Dr. Scott Steele: Well, that's great words of wisdom. And it is really no secret that men are statistically much less likely than women to seek medical care. So it is important for men to consult with their physician, as he said, your primary care doc, your urologist. Bring these things up especially if they feel or suspect that something's not quite right.

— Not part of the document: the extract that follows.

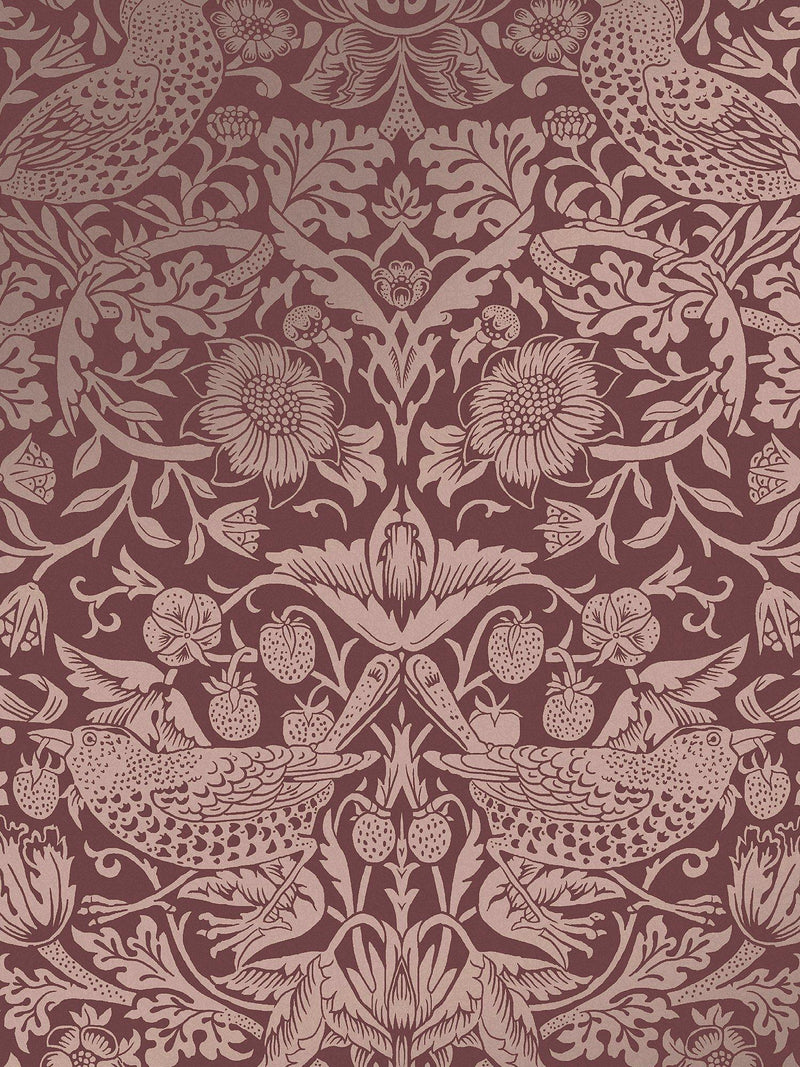 William Morris At Home Strawberry Thief patterned wallpaper 10m roll (British brand)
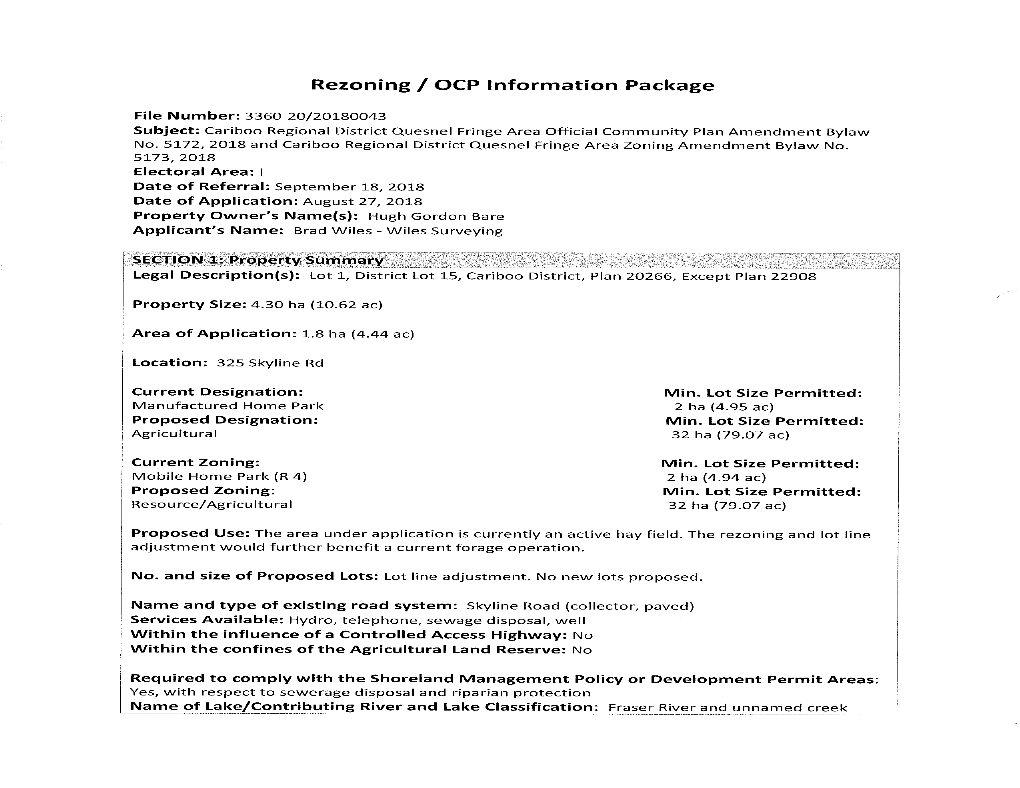 Rezoning / OCP Information Package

Our experts also recommend seeing a urologist regularly beginning at age 40. So learn more by visiting Clevelandclinic.org/menshealth. That's Clevelandclinic.org/menshealth, M-E-N-S-H-E-A-L-T-H. You can also call the Glickman Urological and Kidney Institute at 216-444-5600. That's 216-444-5600. And again, you've heard me say this many, many times. Remember it's important for you and your family to continue to receive medical care, regular checkups and screenings, and rest assured here at The Clinic, we're doing everything possible to take all the necessary precautions to sterilize our facilities and protect our patients and caregivers.
Peter, thanks for joining us on Butts & Guts.
Dr. Peter Bajic: Thanks so much for having me.